Ingratitude! thou marble-hearted fiend...

“Ingratitude is treason to mankind.” James Thomson

Friday 29 July 2011

I really should try to learn.

Despite having grown up in the States during the Just Say No era*, it turns out I am not very good at saying no, and despite my best efforts (jimjams wardrobe, general dishevelment, allowing my communication skills to atrophy until social intercourse is prohibitively trying for all involved), I seem to have a social life and friends and a fair amount of interaction which involves alcohol. Apparently I cannot refuse alcohol.

I belong to a group of Ladies in my neighbourhood who sing together. Yes. I have finally achieved the status of suburban singing matron, which, if I am honest, has been my life's goal along with eating in nice restaurants and antiquing. Ah middle age, where have you been all my life?

The singing Ladies drink wine. I love wine, but I am not very good at it. My increasingly elderly metabolism is easily bedrunkified and I can't be counted on to maintain any decorum at all. Don't even get me started on spirits. I can drink a little real ale with some dignity, if I can get past the feeling of looking like a hod carrier in a dress.

I'm feeling a bit fat and exhausted, which I put down to regular alcohol consumption. It must stop. I have no confidence that I can Just Say No and am searching for a passive way to get people to stop offering it to me. It seems mean to just stop bringing wine to rehearsals. Maybe bring a bottle of soda water instead? Hang a sign around my neck? Antabuse?

I'd like to join a book club as well, but it could kill me.

*...or perhaps because of it.
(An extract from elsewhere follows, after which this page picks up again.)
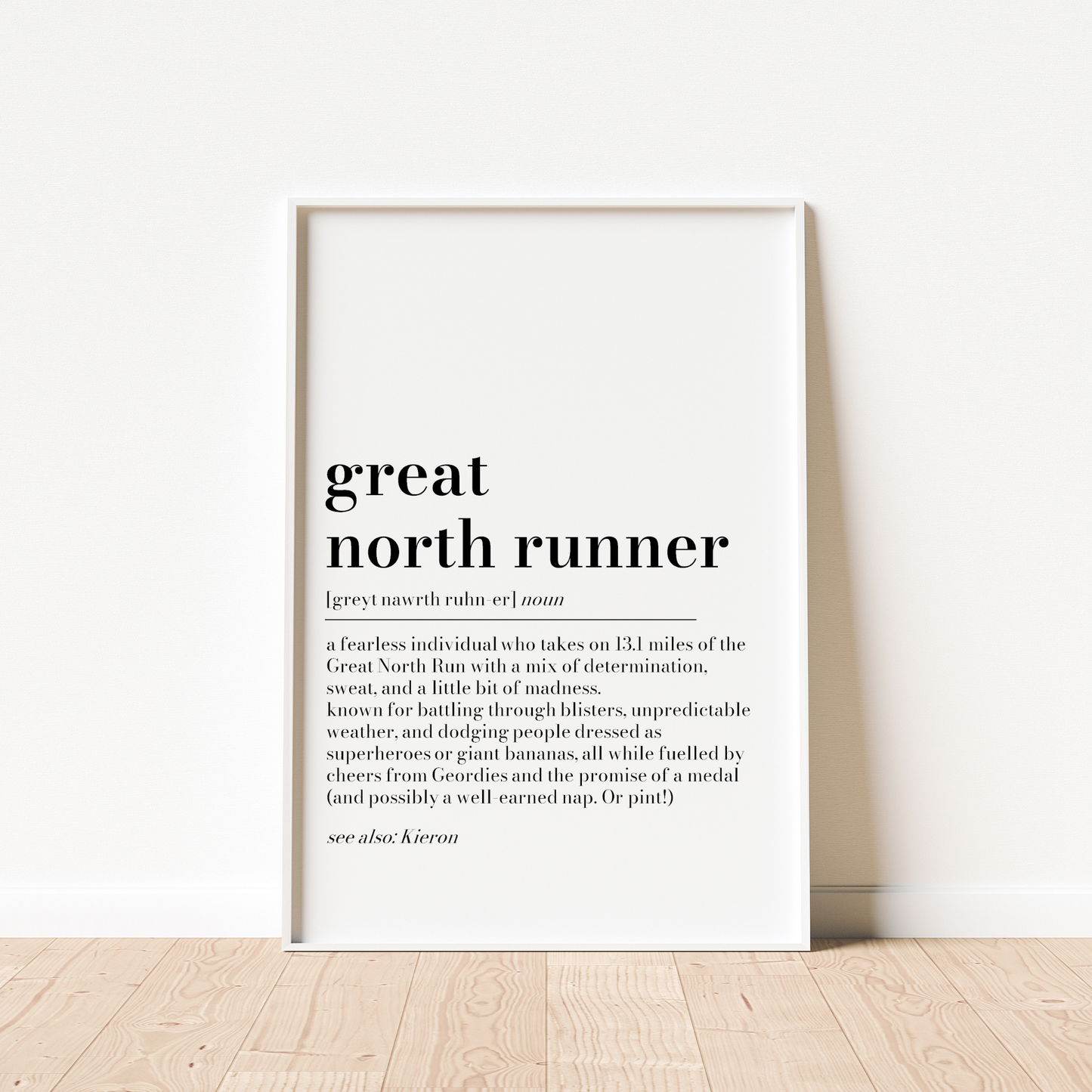 Personalised Great North Runner Definition Print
I am contrary.


  1. hey! you're back! yay!

    worry not, i also cannot say no to wine. i have (finally) learned to say no to hard liquor (after far too many bad bad rides) but wine, oh its siren song, it wraps my heart in joy and i am lost. what i've found is that if i want to remain relatively sober and upright and all that boring stuff, i just order beer, because i don't like it enough to drink it quickly and thoroughly.

    i've also managed to make peace with my relationship with wine. it's ok. it's fine. it must be. right? right?

  2. Hi pc!

    I rather like beer and am prone to gulping in a rather greedy way, but the end result is still usually better than a wine misadventure, especially in the sinus department. Yet another pleasure sullied by the ravages of time!!